# Semantic Search with Embeddings on the Formula Student Rules

This notebook demonstrates how to use Cohere's semantic search API to search through the Formula Student Rules using word embeddings.
<br>
The implementation is [1] based on this notebook. This could be seen as a standalone version but also as the first step of the preprocessing for a RAG pipeline.
<br>
<br>
[1] https://github.com/cohere-ai/notebooks/blob/main/notebooks/Wikipedia_Semantic_Search_With_Cohere_Embeddings_Archives.ipynb?ref=txt.cohere.com

In [None]:
# Let's install cohere and HF datasets
!pip install cohere datasets

In [None]:
import torch
import cohere

# Add your cohere API key from https://dashboard.cohere.com/api-keys
# Test key is enough for this example
co = cohere.Client("")
# basic embedding model
MODEL = "embed-english-v2.0"
#Load at max 2000 documents + embeddings
max_docs = 2000

Prepare the data, i.e. creating Question-Answer pairs or chunks. Whatever you want to name it.

In [None]:
import re
# find all titles and texts in this format:
# """
#    AIP
#
# Anti Intrusion Plate
# """
#
# or in this format:
# """
# A 1.2.6
# 
# Vehicles of both classes can take part in an additional Driverless Cup (DC).
# """

# read data/FS-Rules_2024_v1.1.0.txt 
with open('data/Rules_2024_v1.1.txt', 'r') as f:
    rules = f.read()

# Define a regex pattern to match titles and texts
pattern = re.compile(r'([A-Z0-9\s\.-]+)\n\n((?:.*?\n)+?)(?=\n[A-Z0-9\s\.-]+|$)', re.DOTALL)

# Find all matches in the text
matches = pattern.findall(rules)

# Extract titles and texts and filter based on length
filtered_matches = [(title.strip(), text.strip()) for title, text in matches if len(title.strip()) > 3 or len(text.strip()) > 3]

titles = [title for title, text in filtered_matches]
texts = [text for title, text in filtered_matches]
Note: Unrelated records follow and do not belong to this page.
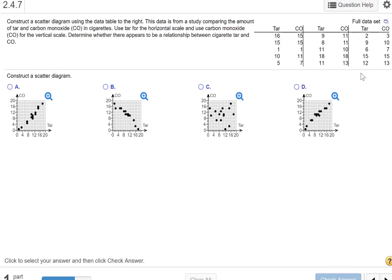For this problem, construct a scatter diagram using the data table to the right. This data is from a study comparing the amount of tar and carbon monoxide in cigarettes. Use tar for the horizontal scale and carbon monoxide (CO) for the vertical scale. Determine whether there appears to be a relationship between cigarette tar and carbon monoxide.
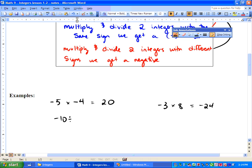Negative 10 divided by negative 5 — how many times does negative 5 go into negative 10? Twice. And we have the same sign, so we get a positive. Next, we've got negative 12 divided by 4, and we're going to get negative 3.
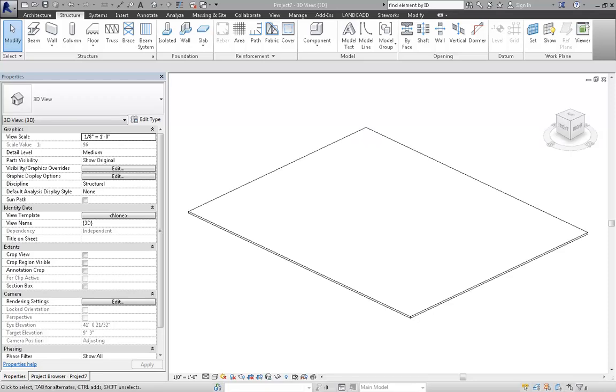Okay, so this is kind of a two-part video. This is the first part where we're going to be talking about working with slab edges on sloped slabs. There's essentially a limitation in Revit when it comes to sloped slabs and applying slab edges to them, and this is essentially the workaround.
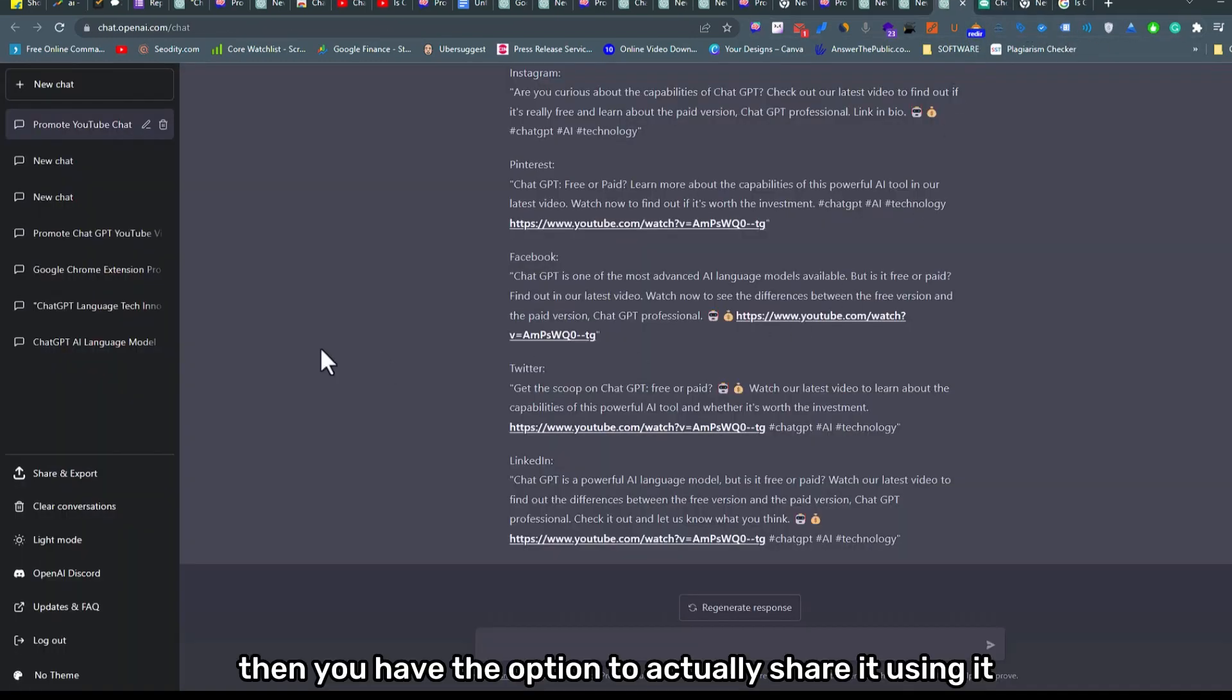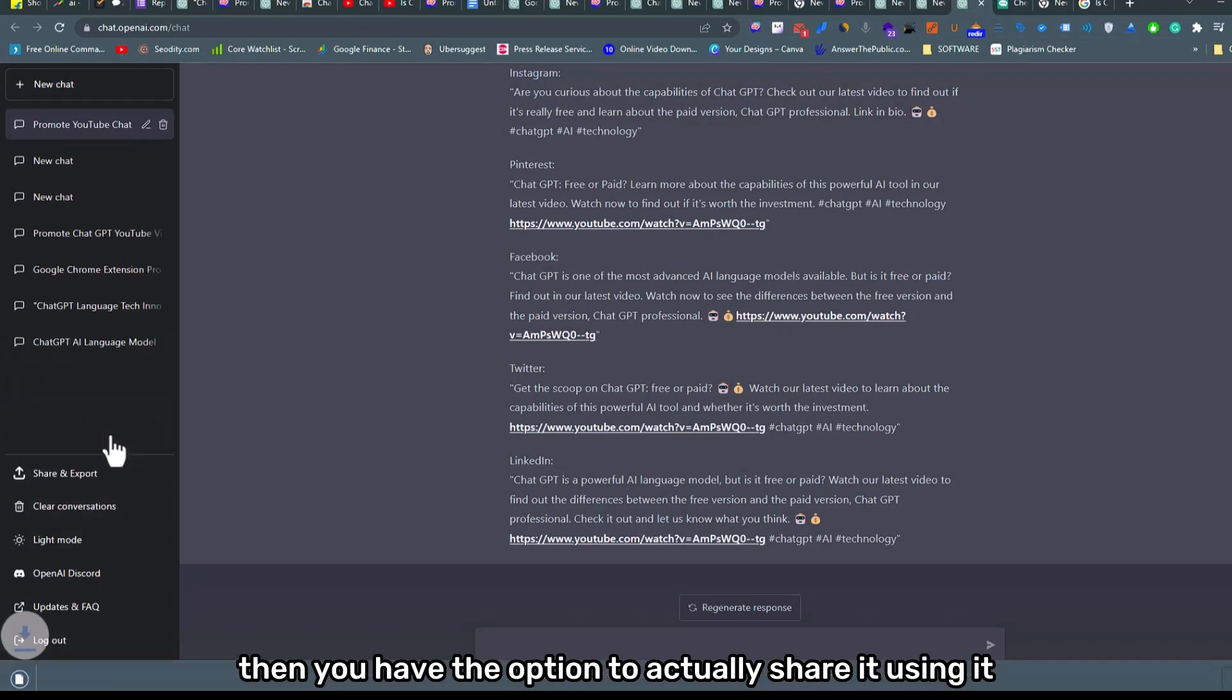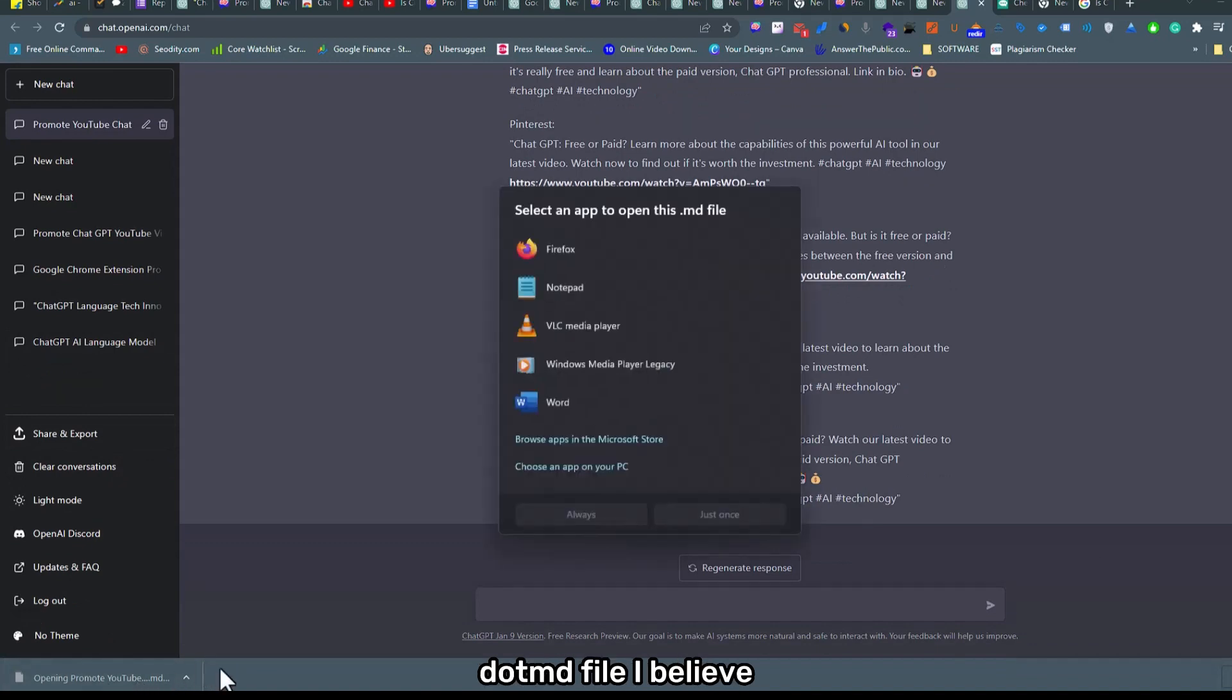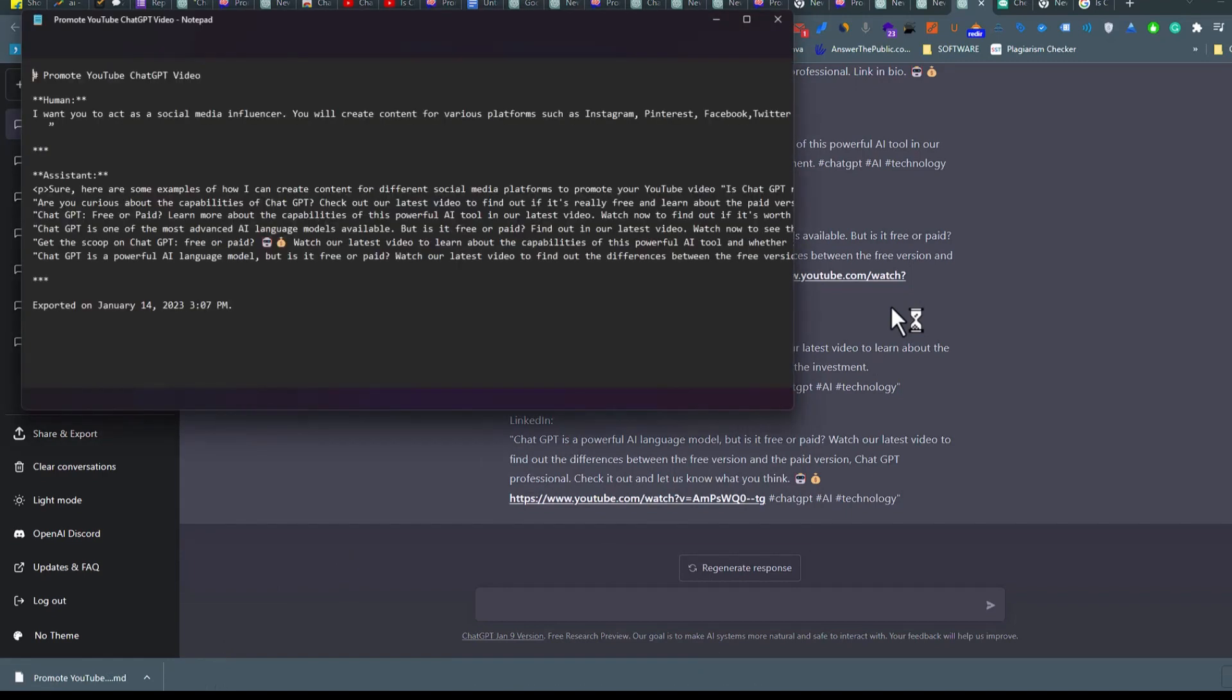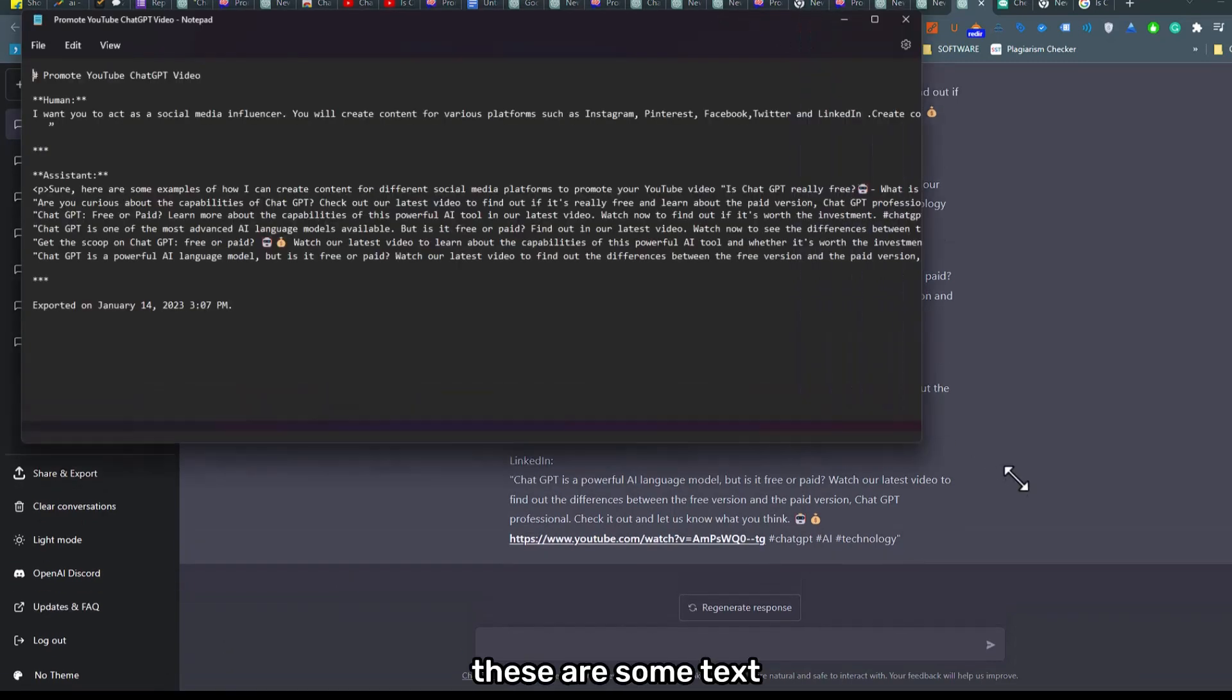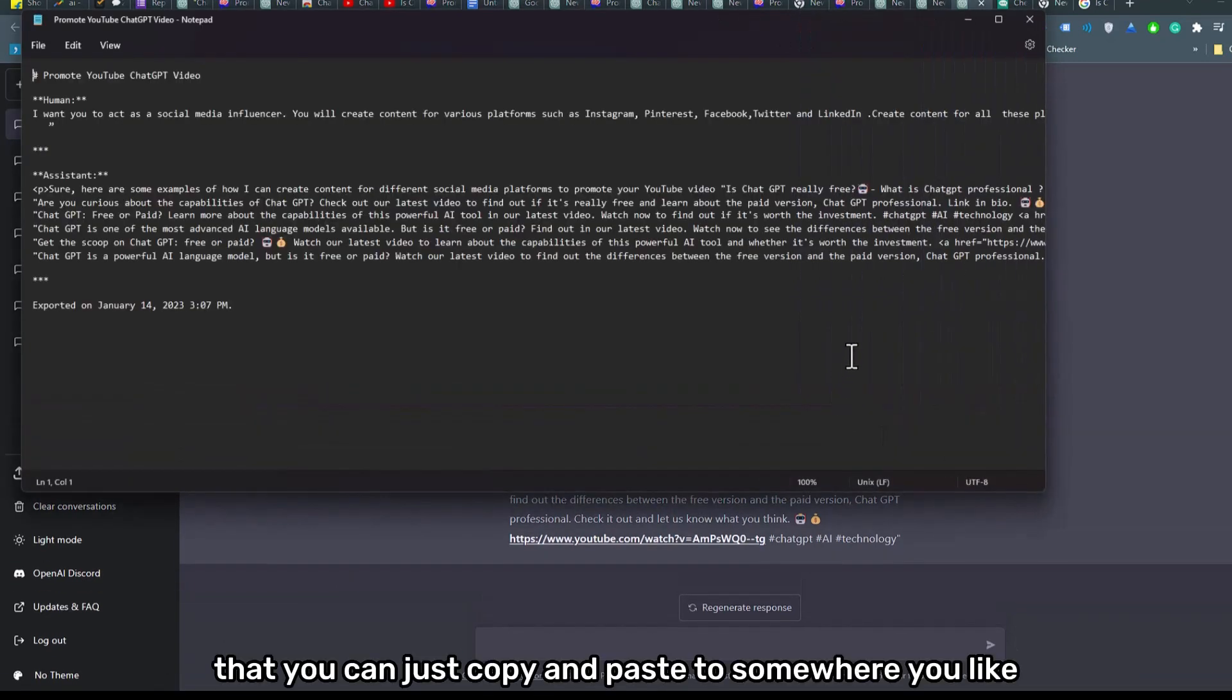Then you have the option to actually share it using markdown, and that's the .md file. I believe it's just a small text file if you want it like that. Yes, as you can see, these are some text that you can just copy and paste to somewhere you like.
Use the next cell to generate new Embedings - normally not necessary since they can be read from pkl

In [16]:
import pickle

# Embed titles and texts with the given embedding model
texts_embedded = co.embed(texts=texts, model=MODEL)
titles_embedded = co.embed(texts=titles, model=MODEL)
print(texts_embedded.embeddings[0][:5]) # Let's check embeddings for the first text

# create a list of json objects with {id, title, text, emb}
json_docs = []
for i in range(len(texts)):
    json_docs.append({'id': i, 'title': titles[i], 'text': texts[i], 'emb': texts_embedded.embeddings[i]})
    

# open a file, where you ant to store the data
file = open('data/Rules_2024_v1.1_embedding.pkl', 'wb')

# dump information to that file
pickle.dump(json_docs, file)

# close the file
file.close()

[2.5546875, 0.9472656, 0.8847656, -0.52978516, 1.1357422]


Create a tensor with the given embeddings and use it to search for similar documents.

In [28]:
import pickle

# open a file, where you stored the pickled data
file = open('data/Rules_2024_v1.1_embedding.pkl', 'rb')

# dump information to that file
json_docs = pickle.load(file)

# close the file
file.close()


docs = []
doc_embeddings = []
for doc in json_docs:
    docs.append(doc)
    doc_embeddings.append(doc['emb'])
    if len(docs) >= max_docs:
        print("Too many documents, breaking")
        break

doc_embeddings = torch.tensor(doc_embeddings)

To search, we embed the query, then get the nearest neighbors to its embedding (using dot product).

In [18]:
def calculateQuery(co, query, model):
    response = co.embed(texts=[query], model=MODEL)
    query_embedding = response.embeddings
    query_embedding = torch.tensor(query_embedding)

    # Compute dot score between query embedding and document embeddings
    dot_scores = torch.mm(query_embedding, doc_embeddings.transpose(0, 1))
    top_k = torch.topk(dot_scores, k=3)

    # Print results
    print("Query:", query)
    print("\nSimilar rules:")
    for doc_id in top_k.indices[0].tolist():
        print(docs[doc_id]['title'])
        print(docs[doc_id]['text'], "\n")


Now, we can test our model with some queries:

In [27]:
# Get the query, then embed it
query = """
What is the minimum required thickness for the scatter shield of the motor?
"""   

calculateQuery(co, query, MODEL)

Query: 
What is the minimum required thickness for the scatter shield of the motor?


Similar rules:
T 7.3.4
The tractive electric motor(s) must have a housing or separate scatter shield from nonperforated 2 mm aluminium alloy 6061-T6 or equivalent. The scatter shield may be split into
two equal sections, each 1 mm thick. 

T 9.1.9
Gas cylinders/tanks and their pressure regulators must be shielded from the driver. The
shields must be steel or aluminium with a minimum thickness of 1 mm. 

T 7.3.2
Exposed rotating final drivetrain parts, such as gears, clutches, chains and belts must be fitted
with scatter shields. Scatter shields and their mountings must: